Many drivers are unaware of the limitations of their car’s safety systems and they rely on the technology to prevent accidents and injuries without taking their own precautions while behind the wheel.
Car Safety Features May Not Keep You Safe
Most new cars are equipped with numerous vehicle safety systems, but according to a report by AAA Foundation for Traffic Safety, many drivers are not aware that these technologies have limitations that may not keep them completely safe.
Drivers often look for features such as forward collision warning, lane-departure warning, lane-keeping assistance, automatic emergency braking, backup cameras, and blind-spot monitoring. Some drivers rely on these safety features so much that they don’t practice safe driving skills as they should. Many drivers don’t realize that advanced safety features are not meant to replace a driver’s knowledge, skill, and experience with driving.
In recent AAA traffic safety studies, researchers found that up to 80 percent of drivers are not well informed on the safety systems installed in their cars. Drivers with blind-spot monitoring systems thought the technology could detect vehicles, bicycles, and pedestrians. However, vehicles passing at high speeds cannot be detected.
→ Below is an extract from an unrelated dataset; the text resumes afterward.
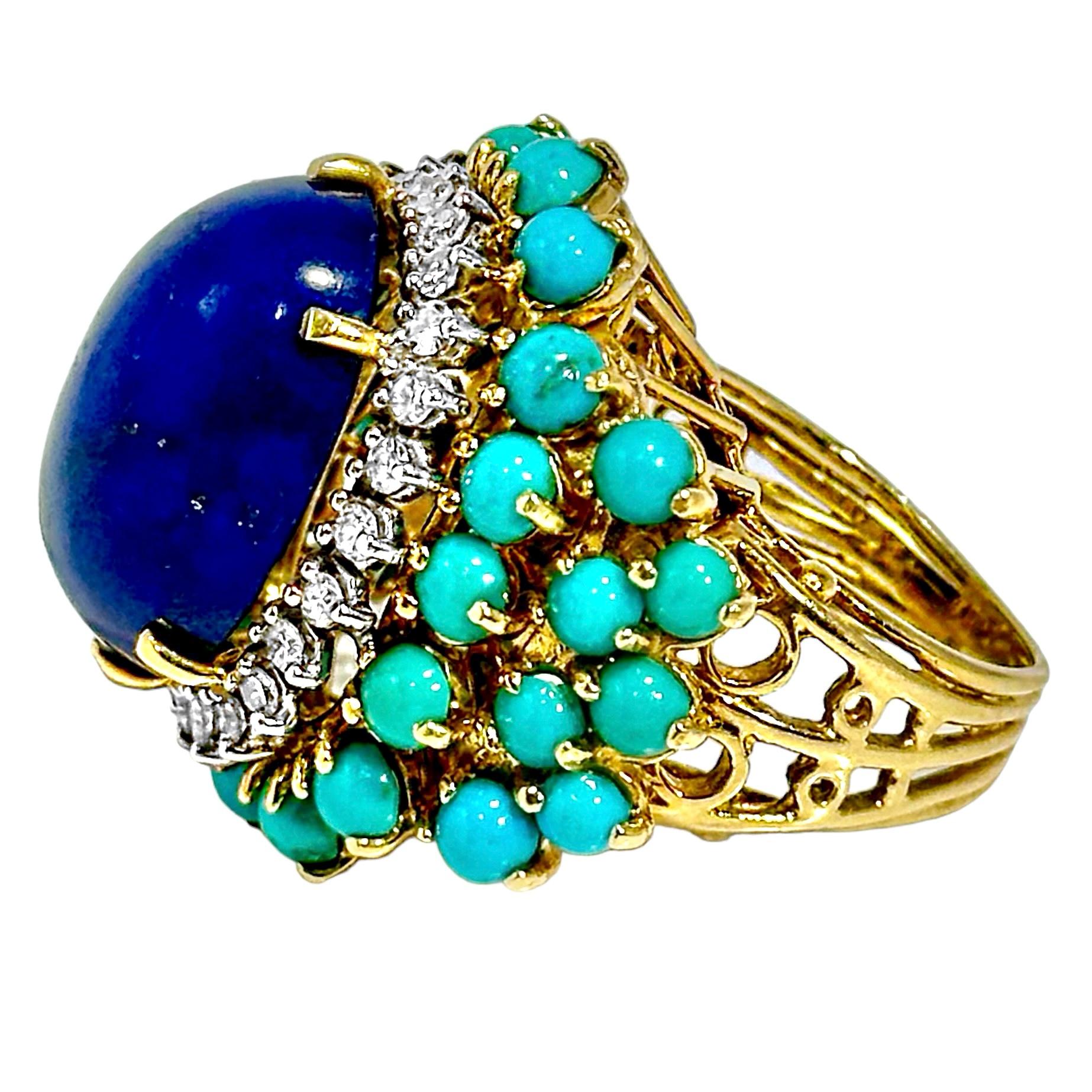 Modern Very Large Scale 18K Yellow Gold Statement Ring with Lapis, Turquoise & Diamonds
Drivers with forward-collision warning thought that the technology could apply the brakes in an impending collision, however, this system only delivers a warning signal of an impending collision. The driver has to react to the warning and apply the brakes.
Many safety experts are concerned that vehicle advanced safety systems are making drivers too complacent behind the wheel. Economists describe the phenomena as a “moral hazard“. Drivers become too comfortable with these systems and are misinformed about their safety limitations. They rely on the safety features to keep them safe and don’t pay attention to the road and their surroundings while driving. Backup cameras are handy to have when parallel parking or backing out of a driveway, but they often don’t detect other cars, people, or objects that are not in their direct line of sight.
Although advanced safety systems are now installed in most new vehicles, car accidents are still rising according to the National Safety Council. In 2017, more than 4.5 million people suffered injuries from car accidents and another 40,000 people were killed. Rising injuries and deaths from car accidents in the U.S. suggest that advanced vehicle safety systems are not foolproof. Drivers must rely on their own driving skills and take the necessary precautions to prevent car accidents and injuries.